## WORK INSTRUCTIONS
Print the lines in the listing below starting at the line with "4th St, Oconto, WI 54153" and ending at the line with "Dámská kadeřnice dělá", both included. Reproduce them exactly and omit every picture.

## DATA LISTING
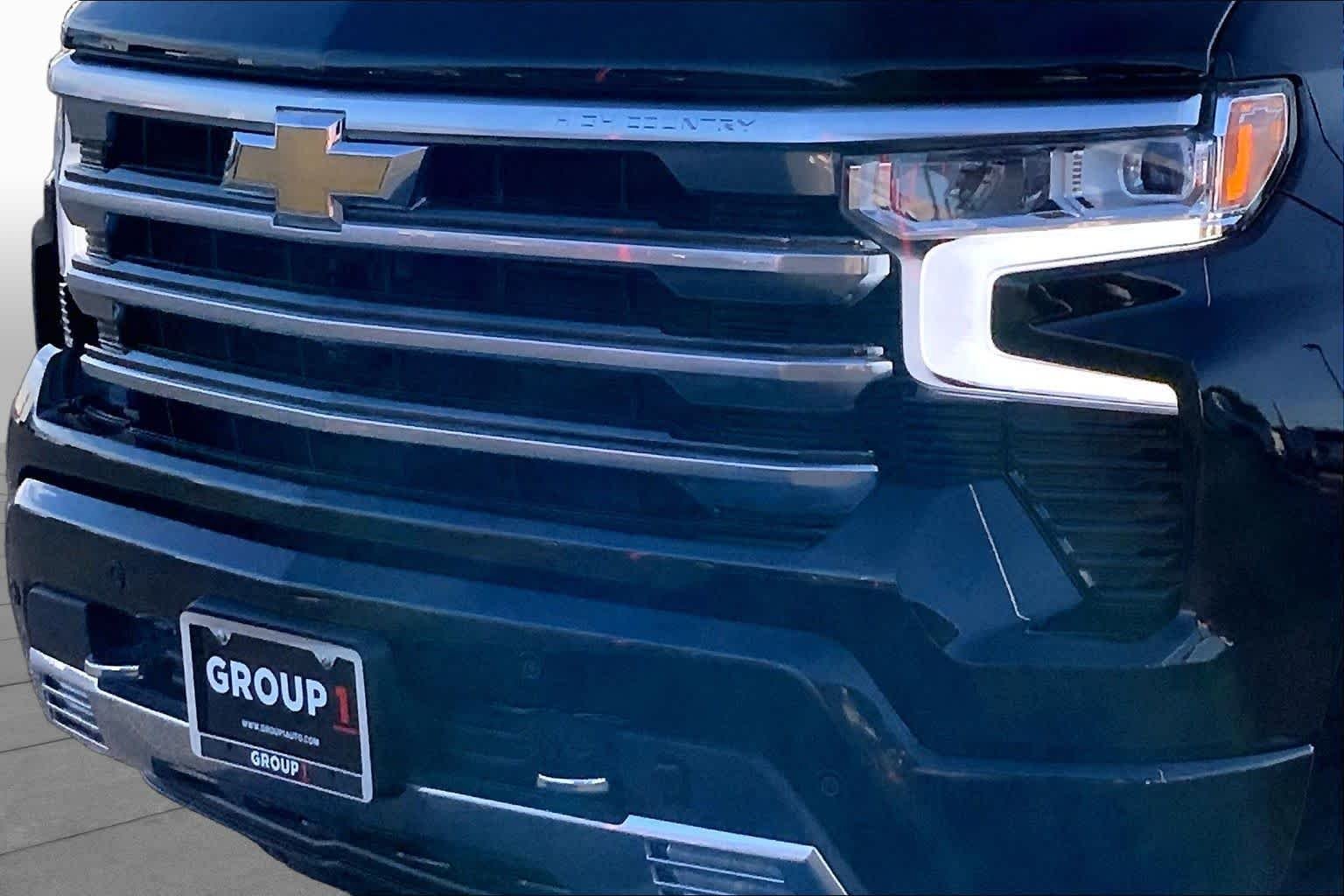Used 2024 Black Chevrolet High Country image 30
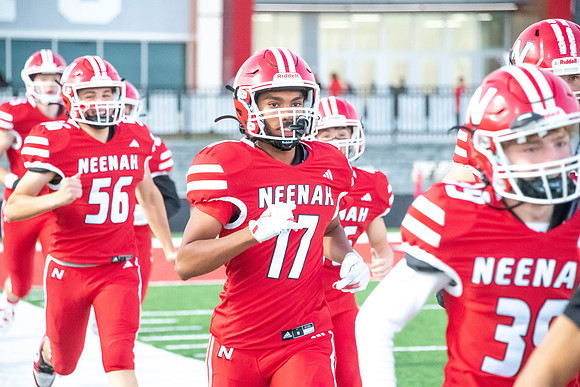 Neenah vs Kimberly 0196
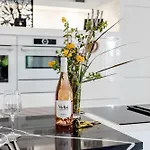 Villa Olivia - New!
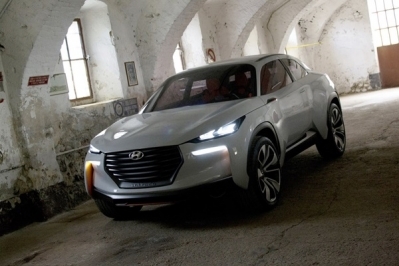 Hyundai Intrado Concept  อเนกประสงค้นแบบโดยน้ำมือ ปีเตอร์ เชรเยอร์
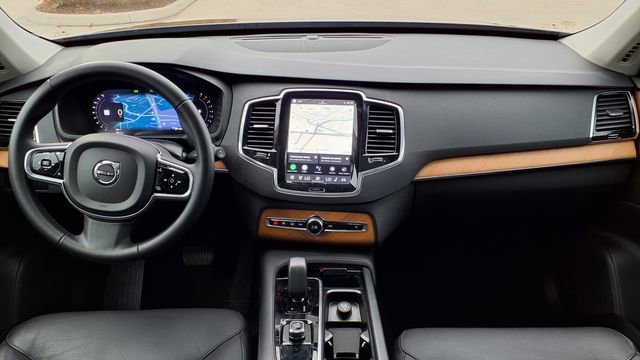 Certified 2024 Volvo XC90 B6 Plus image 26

* * *

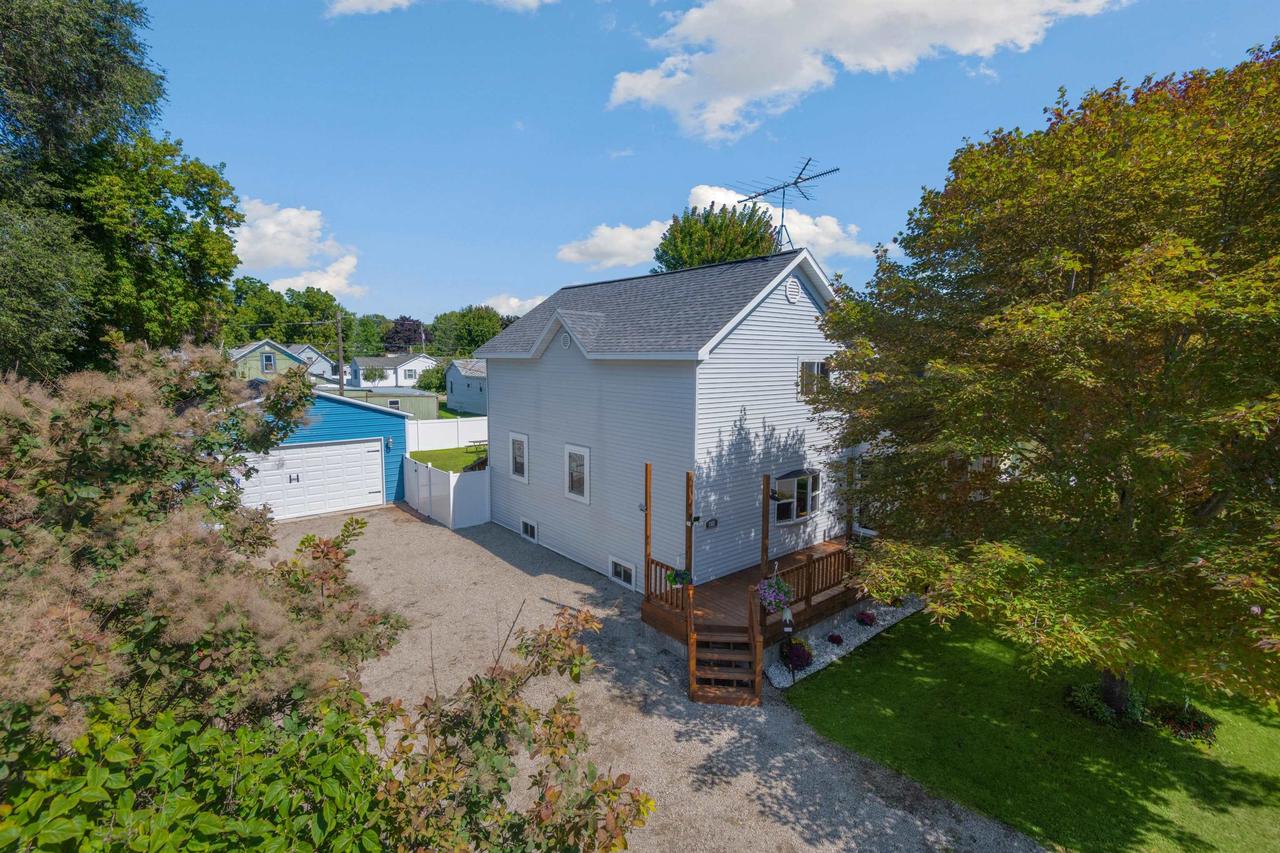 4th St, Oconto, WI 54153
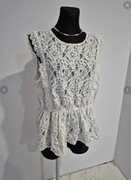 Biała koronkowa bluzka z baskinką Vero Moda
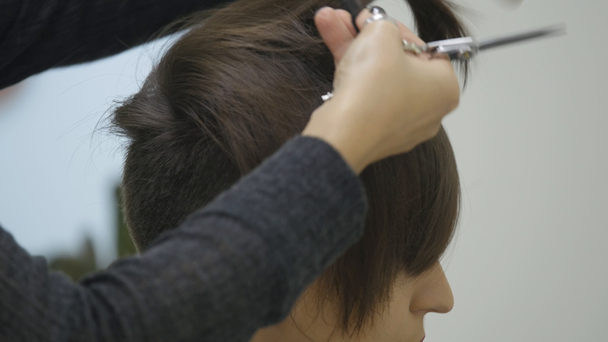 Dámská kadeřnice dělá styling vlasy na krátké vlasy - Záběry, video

## WRITTEN SOLUTION
 4th St, Oconto, WI 54153
 Biała koronkowa bluzka z baskinką Vero Moda
 Dámská kadeřnice dělá styling vlasy na krátké vlasy - Záběry, video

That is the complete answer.